Given all this, no one was surprised to learn that obesity and cardiometabolic disease (Type 2 diabetes, heart disease, etc.) are virtually unknown among the Hadza. General medical wisdom asserts that these “lifestyle diseases” are a consequence of our sedentary lives: we don’t move around much, the theory goes, so we don’t burn many calories. Our bodies store what we don’t burn, which makes us fat and, eventually, sick. Obviously the thin, healthy Hadza — and by implication our hunter-gatherer ancestors — were burning way more calories with their active lifestyles!
Except they’re not.
Every story of scientific discovery has its exciting new tool: the saga of aDNA had next-gen sequencing; this one has doubly labeled water, a simple but ingenious technique that exploits our knowledge of the Krebs cycle and our industrial prowess. It works like this: when you use energy, you make and then respire carbon dioxide. If you can measure how much carbon dioxide a person is breathing out, you know how many calories their body is burning. So for centuries,2 metabolic research depended on capturing the exhalations of people and animals as they engaged in a variety of activities, then analyzing the ratio of oxygen to carbon dioxide in those exhalations. All those charts you can find online purporting to tell you how many calories you burn in your daily life (food shopping with cart: 85 calories; playing with kids, moderate effort: 114 calories) are based on some guy in a lab gamely plugging away while wearing an astronaut helmet that funnels his respiration into a oxygen analyzer.3
The doubly labeled water technique, however, rests on the fact that when your body makes that new carbon dioxide molecule in the process of using energy, one of the oxygen atoms comes from the water that was already in your body. Hydrogen atoms in your body’s internal “water pool” only leave as water; oxygen atoms can leave as water or as CO2. If you can track the relative rates of hydrogen and oxygen flow, then, you can calculate how much CO2 has been produced, and thus how much energy has been expended. And now, by using water enriched with the isotopes oxygen-18 (two extra neutrons) and deuterium (hydrogen with one neutron) — hence “doubly labeled” — you can, in fact, track the relative rates. If on Monday 10% of the hydrogen atoms in my body are deuterium, but by Friday it’s only 5%, you know that half the water in my body has been flushed out and replaced in that time. Any difference between the rate of hydrogen replacement and the rate of oxygen replacement must therefore reflect the rate of CO2 production…and my energy expenditure. All you need is a sample of my precious bodily fluids shortly after the doubly labeled water has had time to disperse through my system, and then another one a few days later. No astronaut helmet required; you can even bring the technique to Hadzaland as long as you can freeze the samples until they can be shipped home to analyze.

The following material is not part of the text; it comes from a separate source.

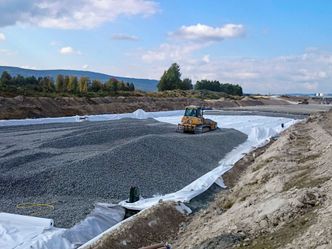 E16 mellom Slomarka og Kongsvinger – en strekning på 16,5 kilometer – er frostsikret med Glasopor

The doubly labeled water method was developed in the 1950s, but it wasn’t until the 1980s, when improved mass spectrometry and more efficient isotope production combined to lower the price by several orders of magnitude, that it became practical to use it on large animals like humans. Since then it’s been the fundamental tool of metabolic research, and with it we’ve begun to discover some very interesting things about human metabolism — among them, the fact that the very active Hadza expend about the same amount of energy each day as a far more sessile inhabitant of an industrialized country.4
But that’s actually a really weird thing to discover! We are, after all, still bound by the laws of physics here: a Hadza woman’s five mile foraging trip with her toddler on her back takes energy, which is energy I just don’t expend since my toddler can climb into his own car seat for our drive to the grocery store. How can we both be burning roughly 2000 calories a day? It’s tempting to think that Pontzer is just wrong, but he has plenty of evidence on his side. For example, Shuar children in the Amazonian rainforest seem to expend as much energy as children in industrialized countries despite the fact that they live more active lives and their metabolically-demanding immune systems are in constant overdrive in response to parasites and bacterial infections. Women in rural western Nigeria and black women from the Chicago suburbs, despite their very different sizes and lifestyles (mean BMI among the Nigerians, most of whom were farmers: 22.6; mean BMI in Chicago, where 40% of the participants were unemployed: 30.8) expended essentially the same amount of energy even before adjusting for participants’ fat-free mass.5 A meta-analysis of 98 doubly labeled water studies agreed that physically active people don’t seem to expend more energy. And it’s not just humans: zoo animals burn the same number of calories as their more active wild counterparts. So what’s going on here?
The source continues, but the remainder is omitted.